* _Task to carry out_: From the first line to the last, return the data exactly, with no pictures.

[Data for analysis — start]

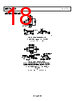 AD8622ARMZ-R7 Datasheet HTML 18Page - Analog Devices 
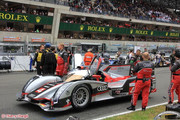 24 HEURES DU MANS YEAR BY YEAR PART SIX 2010 - 2019 - Page 11 2012-LM-100-Start-15
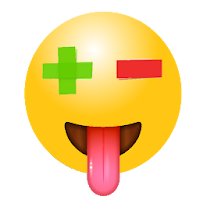 Laughing Calculator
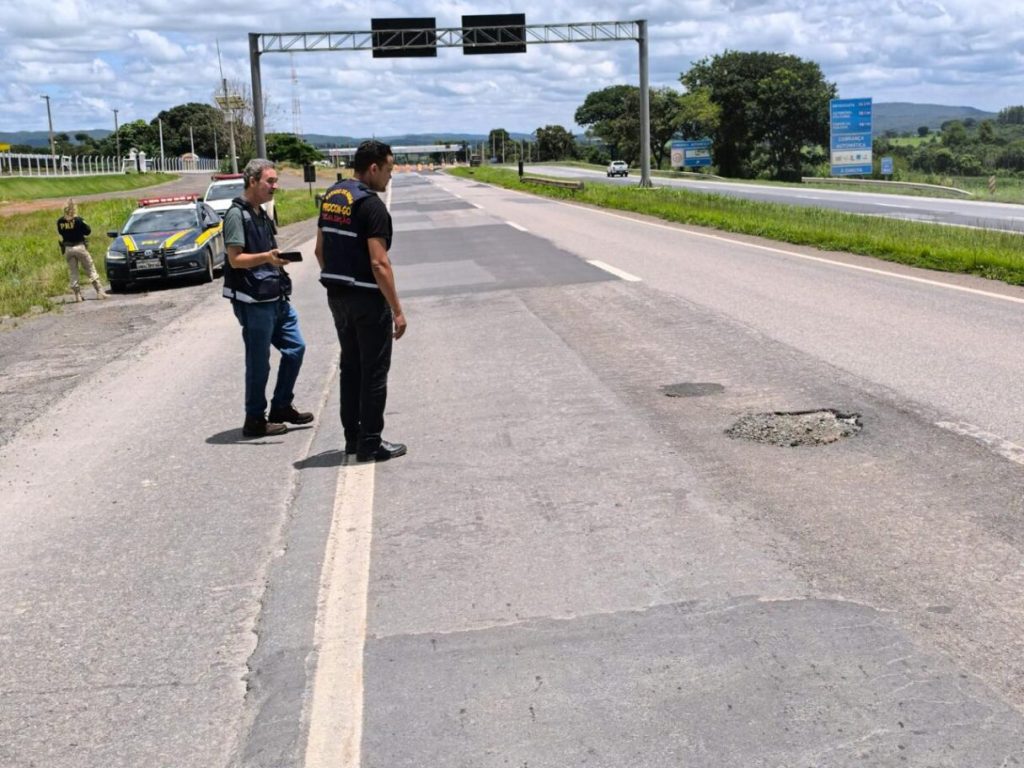prf e procon goias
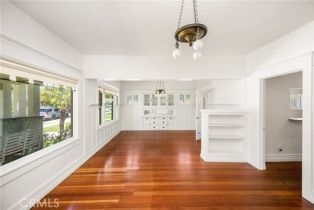 Single Family Residence, 528 Palmyra ave, Orange, CA 92866 - 8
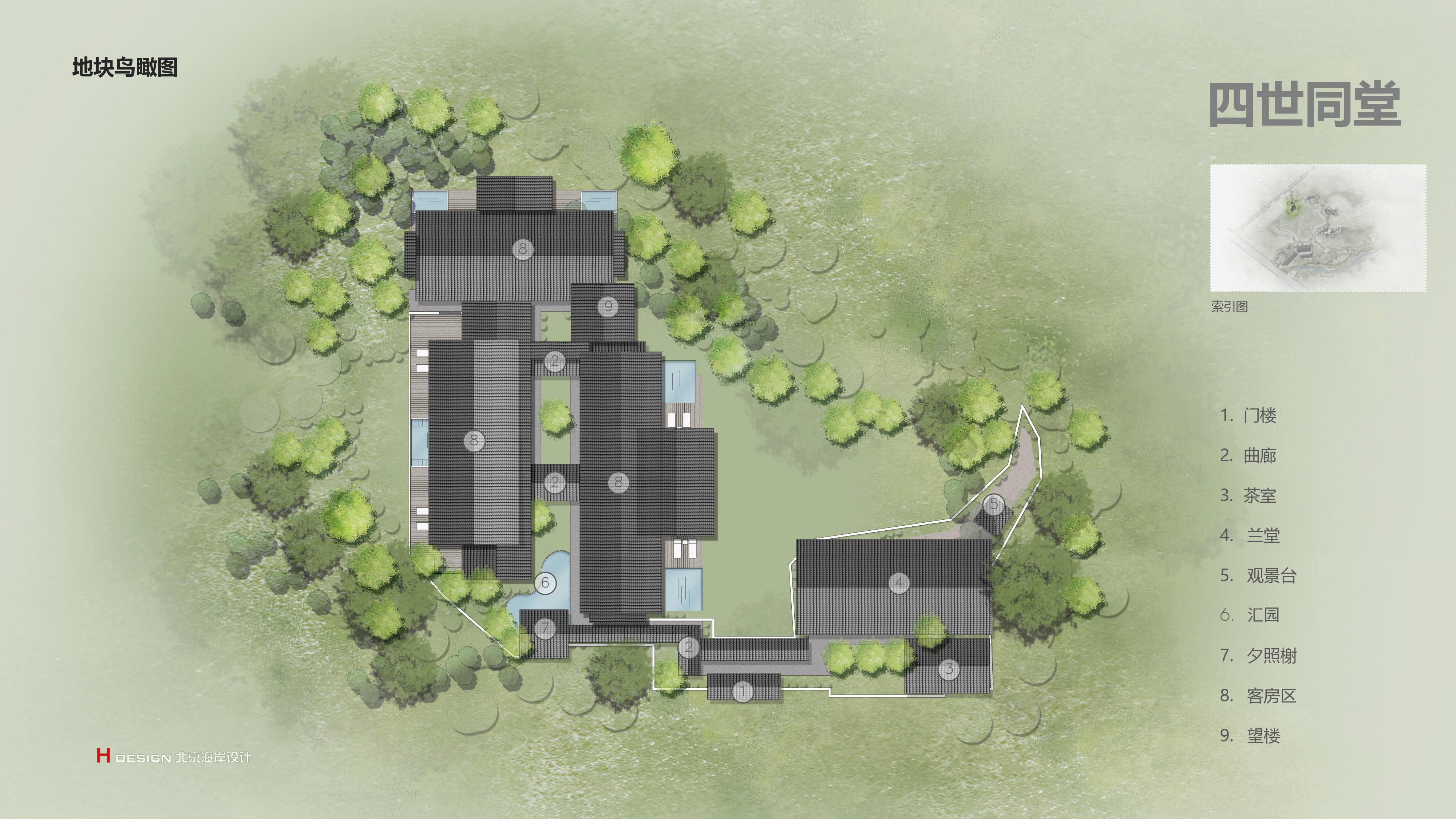 民宿設計|民宿規(guī)劃|民宿酒店設計|民宿客棧設計|鄉(xiāng)村民宿設計|民宿設計案例|民宿設計公司|特色民宿設計|園林酒店設計|生態(tài)酒店設計|集裝箱民宿設計|集裝箱酒店設計|田園綜合體設計|文創(chuàng)園設計|度假酒店設計|溫泉度假村設計|旅游酒店設計|集裝箱街區(qū)設計|集裝箱酒店設計|文旅產業(yè)規(guī)劃|特色小鎮(zhèn)設計|旅游小鎮(zhèn)規(guī)劃|全域旅游規(guī)劃|產業(yè)園規(guī)劃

[Data for analysis — finish]

* _Result below_:
 AD8622ARMZ-R7 Datasheet HTML 18Page - Analog Devices 
 24 HEURES DU MANS YEAR BY YEAR PART SIX 2010 - 2019 - Page 11 2012-LM-100-Start-15
 Laughing Calculator
prf e procon goias
 Single Family Residence, 528 Palmyra ave, Orange, CA 92866 - 8
 民宿設計|民宿規(guī)劃|民宿酒店設計|民宿客棧設計|鄉(xiāng)村民宿設計|民宿設計案例|民宿設計公司|特色民宿設計|園林酒店設計|生態(tài)酒店設計|集裝箱民宿設計|集裝箱酒店設計|田園綜合體設計|文創(chuàng)園設計|度假酒店設計|溫泉度假村設計|旅游酒店設計|集裝箱街區(qū)設計|集裝箱酒店設計|文旅產業(yè)規(guī)劃|特色小鎮(zhèn)設計|旅游小鎮(zhèn)規(guī)劃|全域旅游規(guī)劃|產業(yè)園規(guī)劃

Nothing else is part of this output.